__What this task involves__.
Transcribe exactly, please, the line bearing "NW 120-Spools Collapsible" and all later lines through the end of the records, with the pictures left out.

__Data__.
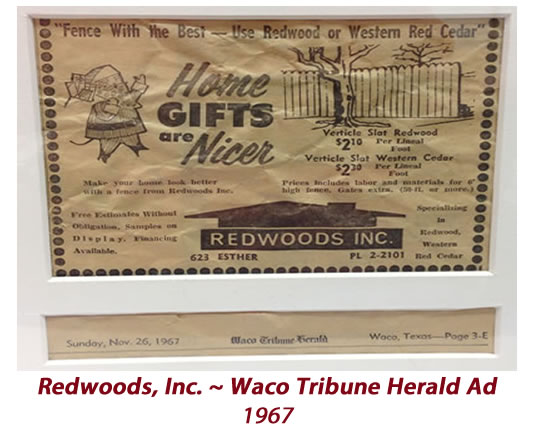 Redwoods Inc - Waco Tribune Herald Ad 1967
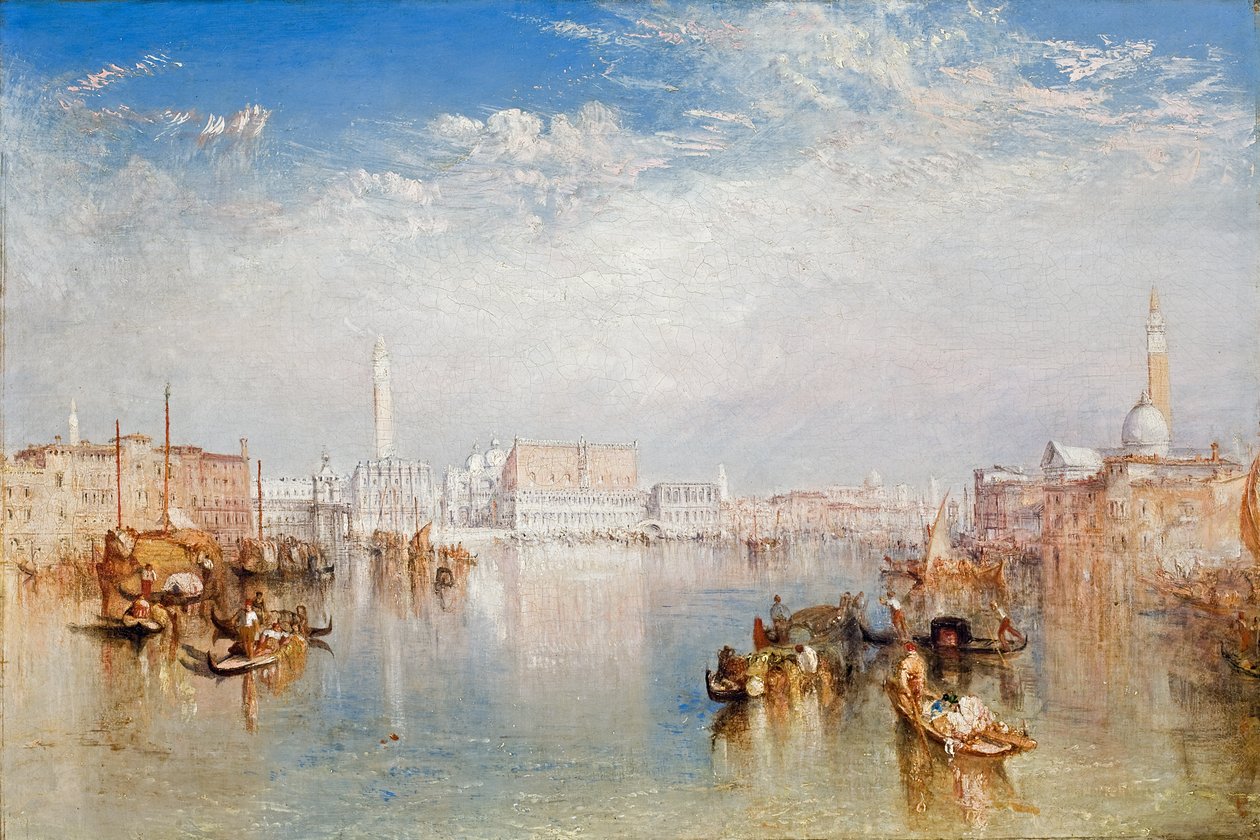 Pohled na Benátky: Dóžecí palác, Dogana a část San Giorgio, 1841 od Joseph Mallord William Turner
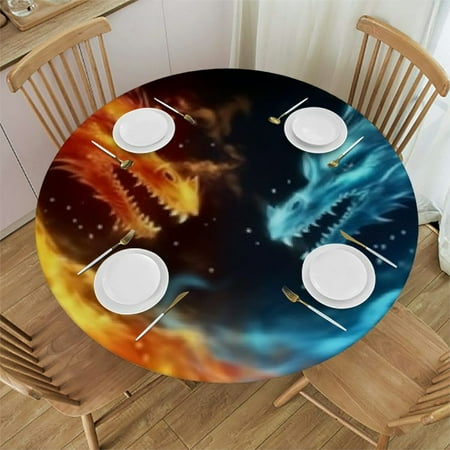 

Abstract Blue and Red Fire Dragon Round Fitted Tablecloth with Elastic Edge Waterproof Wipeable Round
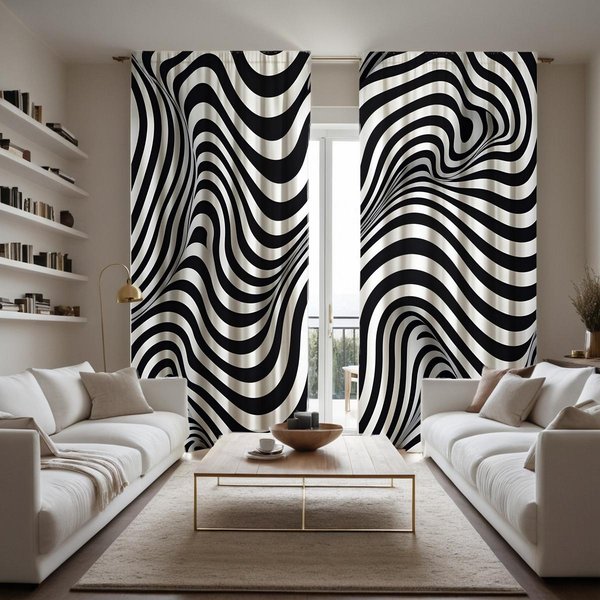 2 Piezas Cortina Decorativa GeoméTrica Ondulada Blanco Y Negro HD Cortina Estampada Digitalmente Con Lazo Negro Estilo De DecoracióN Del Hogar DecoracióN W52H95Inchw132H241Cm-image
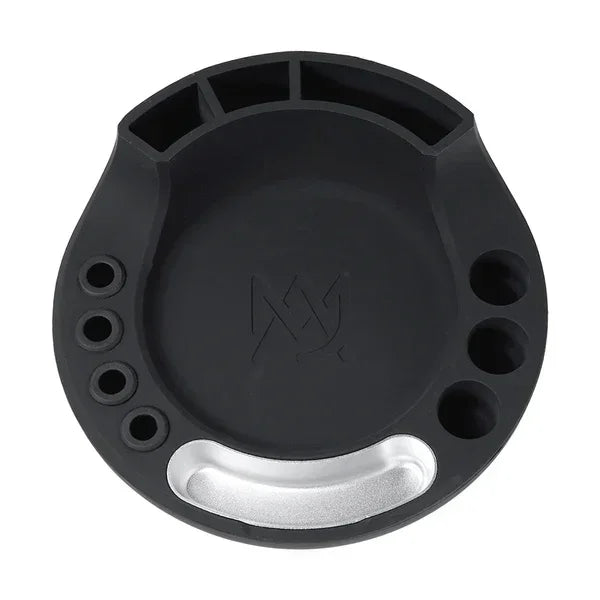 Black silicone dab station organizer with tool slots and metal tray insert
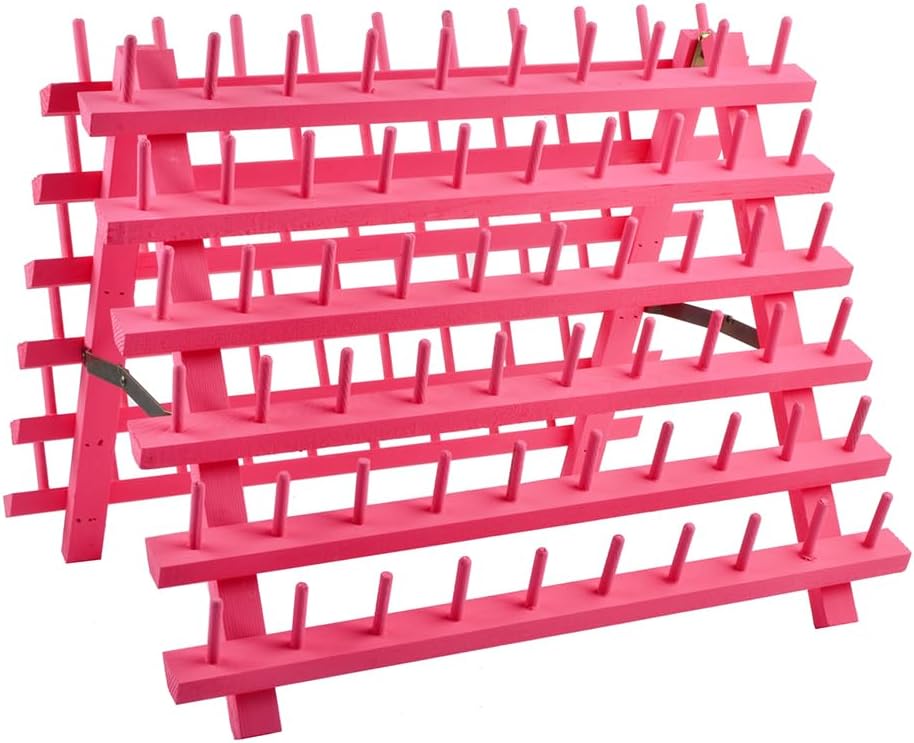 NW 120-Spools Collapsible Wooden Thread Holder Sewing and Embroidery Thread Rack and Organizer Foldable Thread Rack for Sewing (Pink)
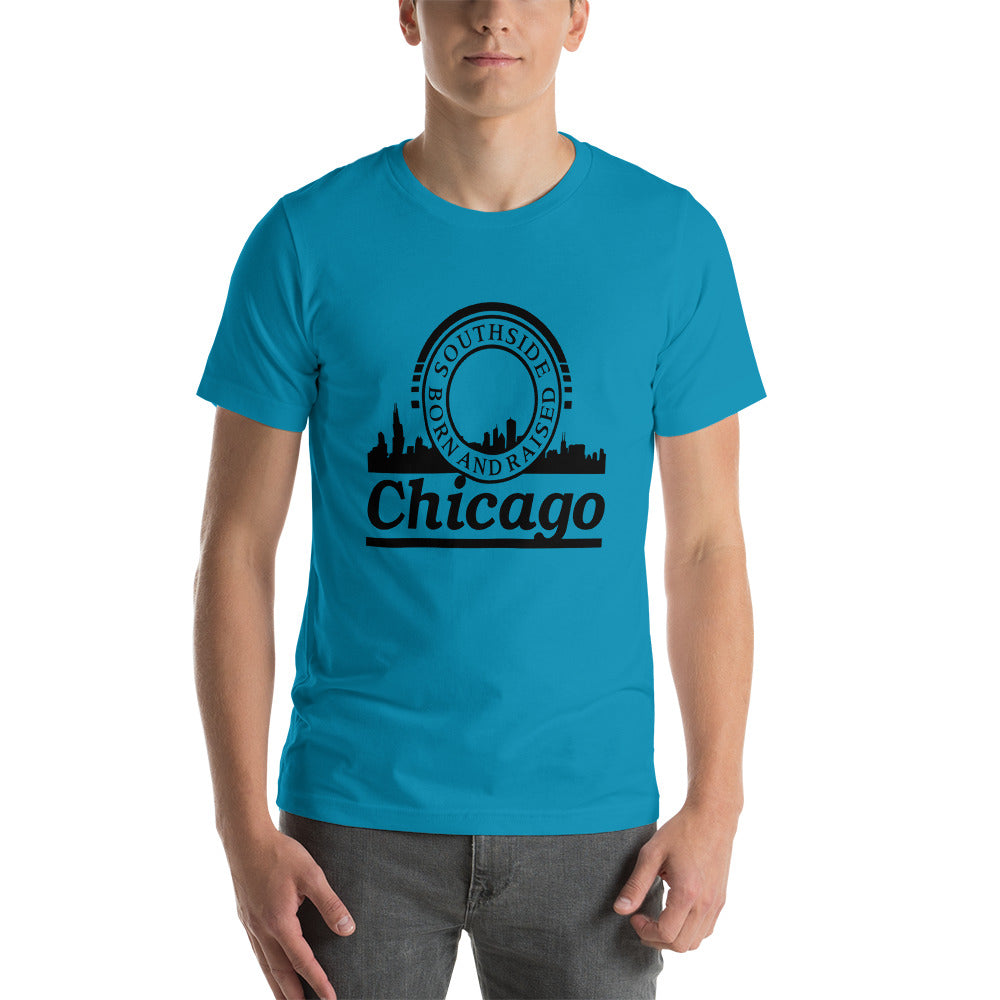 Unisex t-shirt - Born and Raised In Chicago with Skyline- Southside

__Output for this task__.
 NW 120-Spools Collapsible Wooden Thread Holder Sewing and Embroidery Thread Rack and Organizer Foldable Thread Rack for Sewing (Pink)
 Unisex t-shirt - Born and Raised In Chicago with Skyline- Southside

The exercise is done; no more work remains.